Comme je l’ai évoqué précédemment, les danseurs de cette étude sont avant tout des explorateurs de la dimension humaine, pour lesquels l’enjeu majeur est de laisser émerger et prendre forme l’imprévu et l’indéterminé par le corps. Et, ce faisant, de rejoindre le « vivant », par l’entièreté de la présence accueillant l’inconnu.

En ce sens, leur engagement artistique fait clairement écho à ces propos de Peter Brook lorsqu’il évoque la recherche de son ami Grotowski : « En jouant (l’acteur) accomplit un sacrifice : il sacrifie ce que la plupart des hommes préfèrent cacher. Ce sacrifice est une offrande au spectateur. (…) Les acteurs de Grotowski offrent leur représentation comme une cérémonie à ceux qui désirent y assister : l’acteur invoque, met au jour ce qui gît au fond de chaque homme et que masque la vie quotidienne. Le théâtre est sacré parce que son but est sacré. Il a un but clairement défini dans la communauté et répond à un besoin auquel les églises ne répondent plus. » Peter Brook : P22

 

 

Envisager « l’art comme véhicule » inscrit donc d’emblée cette étude dans la lignée des recherches de ce grand metteur en scène qu’est Jerzy Grotowski et fait entrevoir la dimension « spirituelle » ou « sacrée » véhiculée par l’art, pour reprendre les termes de Peter Brook.

Nous nous employons à développer l’étude des techniques, des discours, et des représentations en jeu dans chacun des contextes d’élaboration des danses, afin de ne pas fermer le sens que comporteraient ces dimensions « spirituelles » et « sacrées ».

Et au contraire, de procéder du concret vers l’abstrait, de conceptualiser l’expérience, plutôt que de substantialiser le phénomène.

En effet, les termes « sacré », « spirituel » sont problématiques s’ils se réfèrent à une cosmologie donnée. Or il est certain que ces dimensions de la vie peuvent être nommées et décrites autrement. C’est dans le sens de cette complexité que nous allons : par l’analyse de chaque expérience du dansé et du sens qu’elle prend dans chacune des voies artistiques étudiées.

 

 

Dans le cadre de cette étude, la danse n’est pas envisagée par ces artistes comme étant une fin en soi, mais davantage comme étant un champ d’exploration illimité de ce qui échappe et que masque la vie quotidienne.

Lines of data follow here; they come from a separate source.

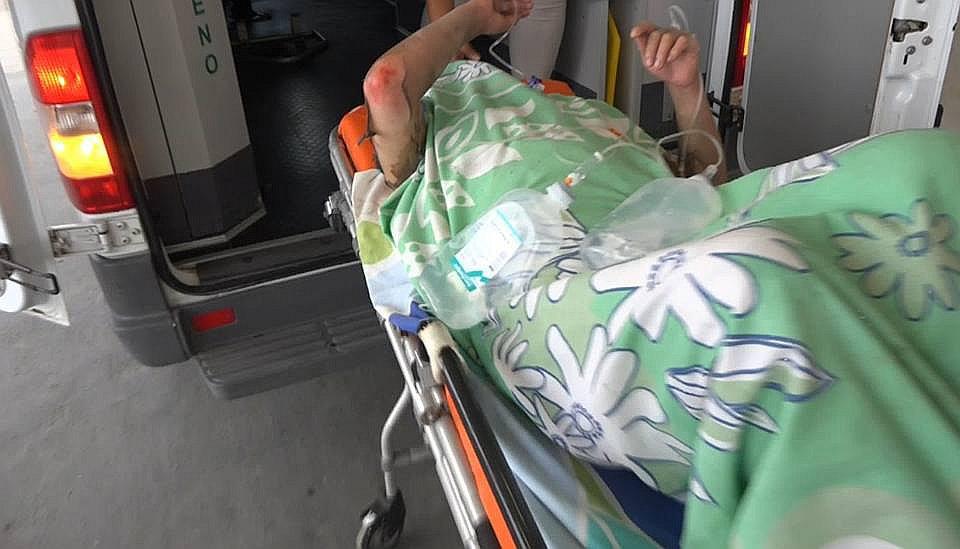 Tumbes: Estado de salud de mujer quemada en Zarumilla es grave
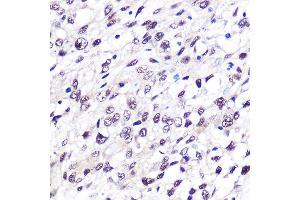 Immunohistochemistry of paraffin-embedded human bladder cancer using FTO Rabbit mAb (ABIN1679842, ABIN3018203, ABIN3018204 and ABIN7101583) at dilution of 1:100 (40x lens). (FTO Antikörper)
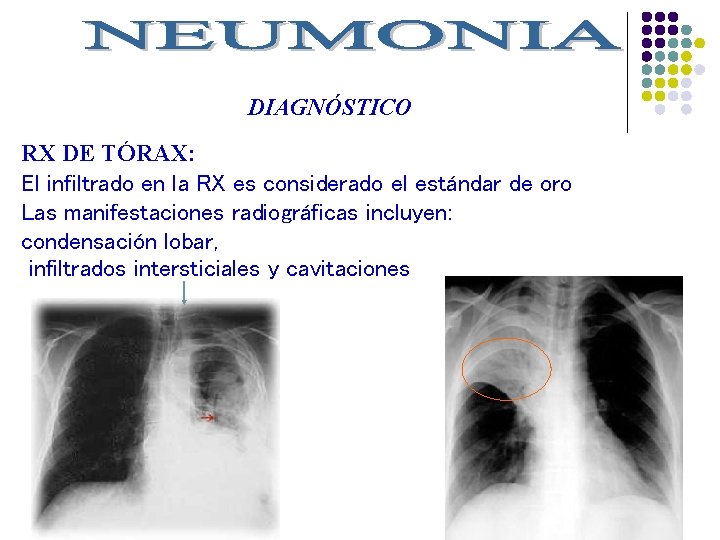 DIAGNÓSTICO RX DE TÓRAX: El infiltrado en la RX es considerado el estándar de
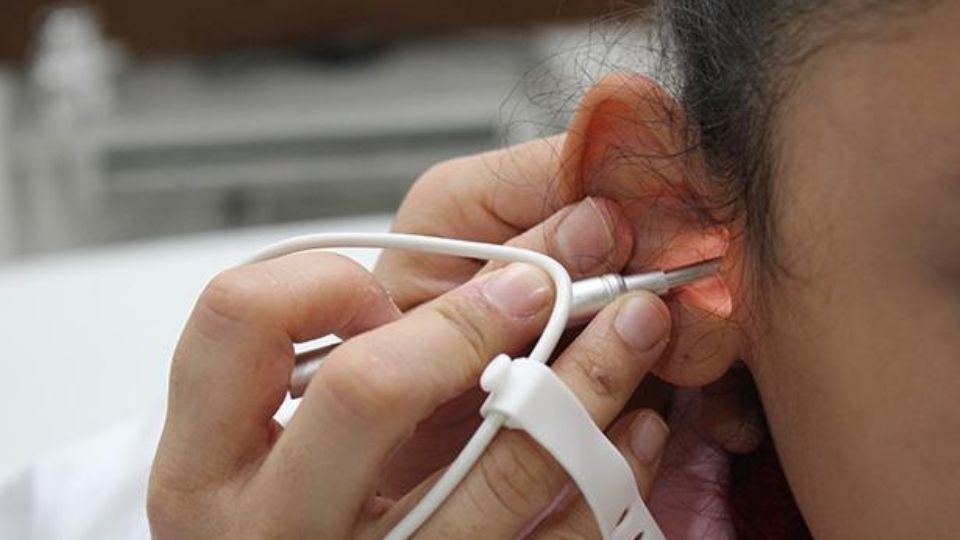 Se realizó la primera jornada quirúrgica institucional de implante cocleares.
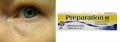 Get The Most From Your Makeup: Puffy Eyes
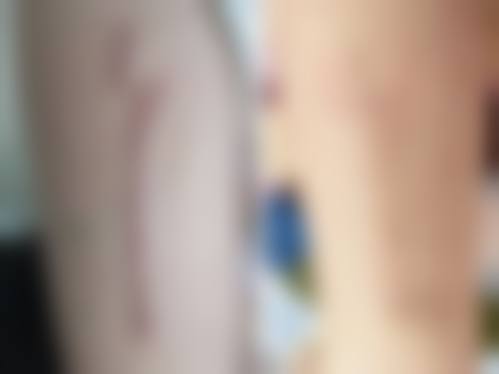 大同美神整形美容诊所怎么样?怎么挂号,地址在哪儿?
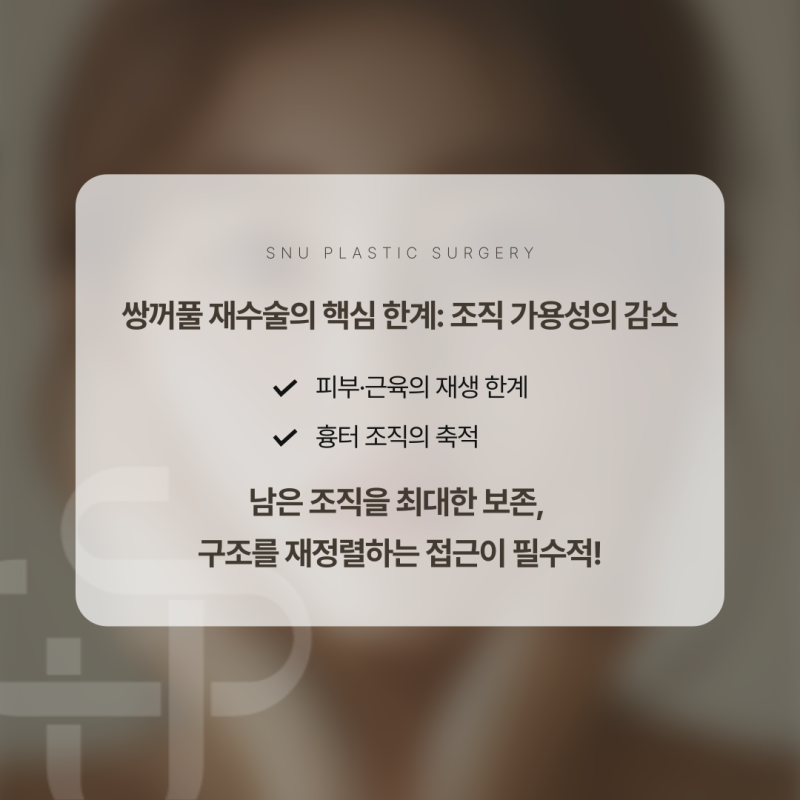 쌍꺼풀 재수술의 한계점과 수술 전략
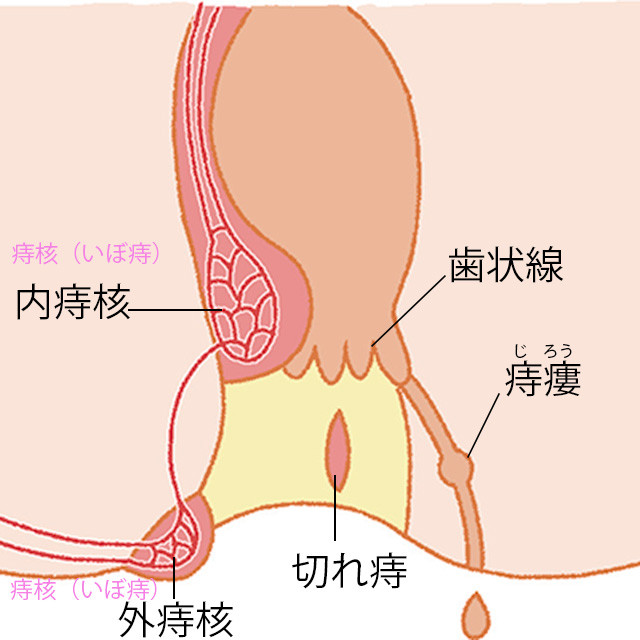 痔の予防や悪化させないために注意すべきことは 専門家医が答える女性の体悩みq A 美的 Com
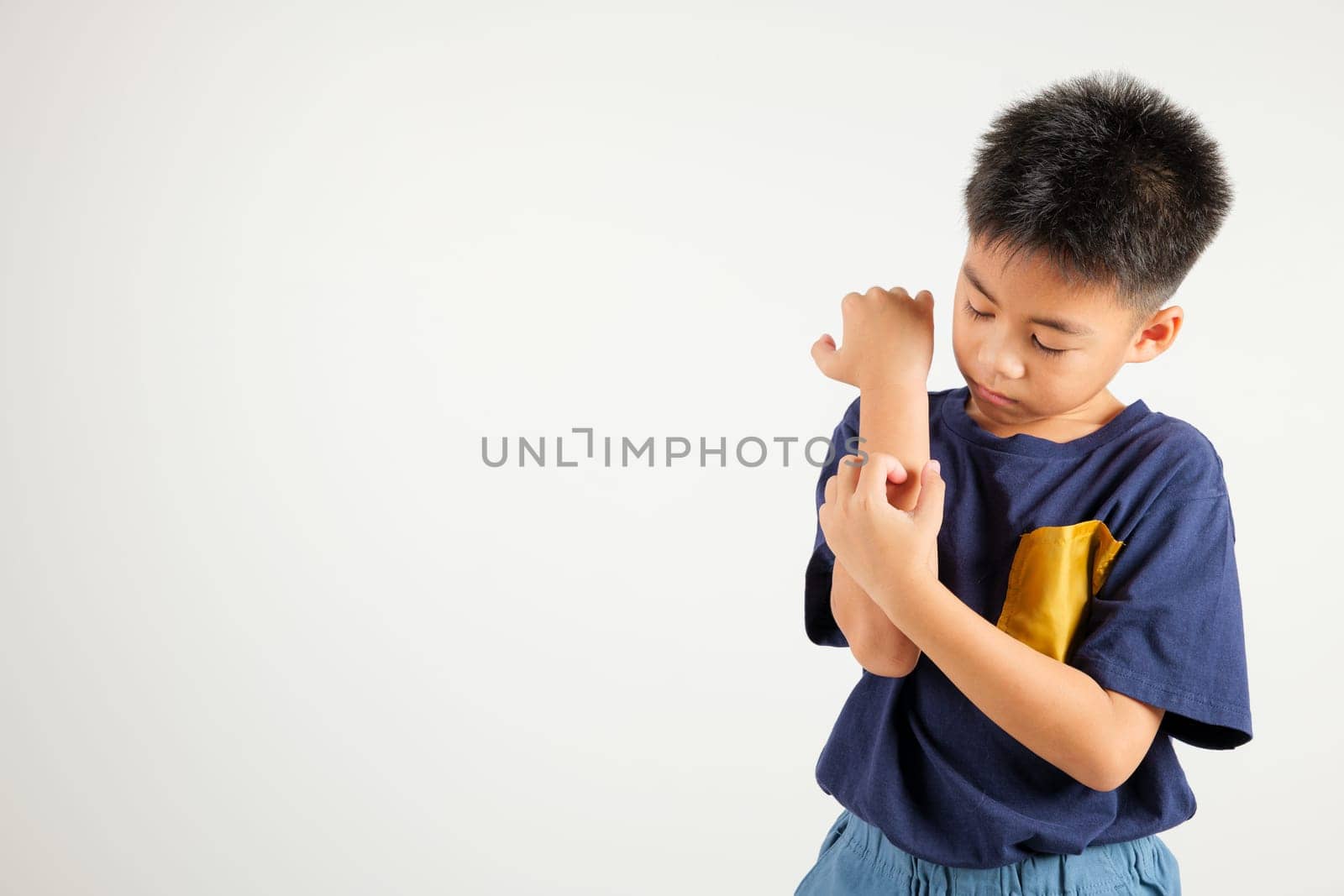 Asian little kid boy scratching itchy arm from a mosquito bite at studio shot isolated on white background, Portrait of Thai primary child dermatitis and scabies, Allergy symptoms, Malaria day concept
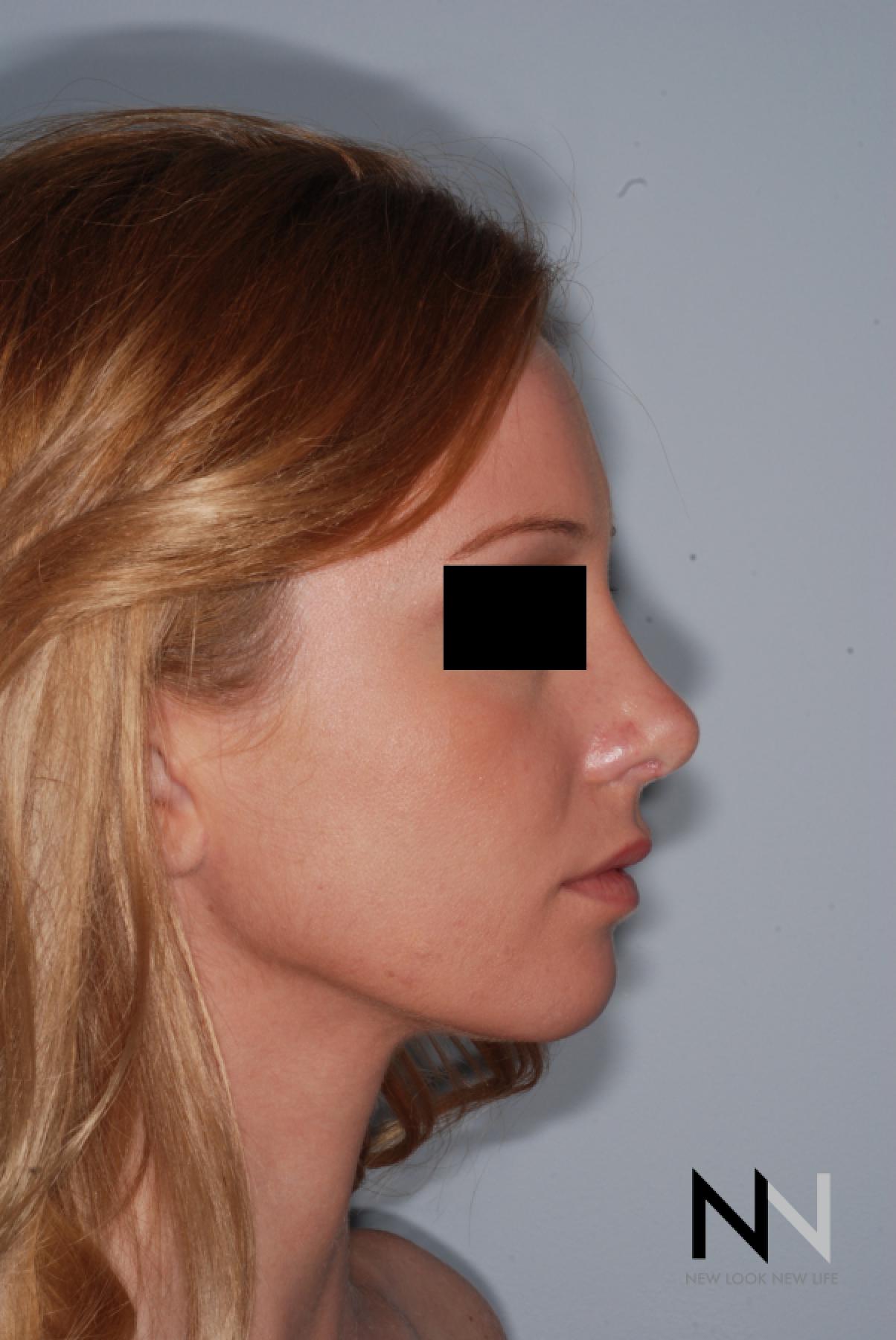 Rhinoplasty: Patient 4 - After  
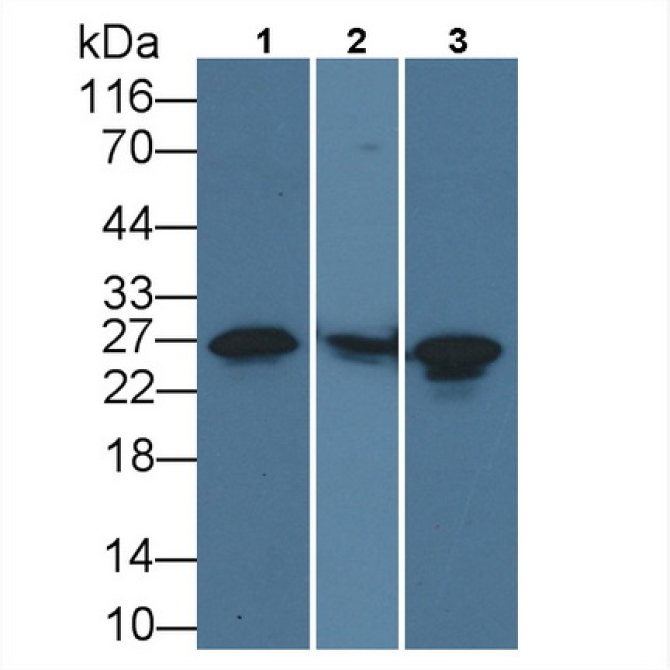 Heat Shock Protein 27 (Hsp27) Human Monoclonal Antibody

Ce qui nous intéresse particulièrement, ce sont donc les façons dont chaque artiste concrétise ce cheminement.

Grotowski cité par J-M Pradier P32, concernant l’analogie des mystiques et de leurs techniques « psychophysiques » : « Ce sont les techniques qui sont objectives, en vérité, ce n’est pas la vision du monde ».

C’est donc une recherche sur le processus-même du « dansé » qui implique la mise en œuvre d’une exigeante pratique à partir de soi, qui engage la vie de ces artistes bien au-delà des frontières du studio ; vie et art étant entièrement associés.

 

 

Cette recherche a donc pour ambition de contribuer à l’étude concrète de ce phénomène de « l’art comme véhicule » et de s’inscrire au sein du vaste champ de recherche sur les « pratiques performatives » (projet de l’ethnoscénologie) ou sur « les comportements humains méta quotidiens » (Grotowski, leçon inaugurale du 24 mars 1997).

Pour reprendre l’expression de Marcel Mauss, une approche socio-psycho-biologique de la mystique doit être faite. Mauss pensait en effet qu’il y avait nécessairement des moyens biologiques d’entrer en communication avec les dieux.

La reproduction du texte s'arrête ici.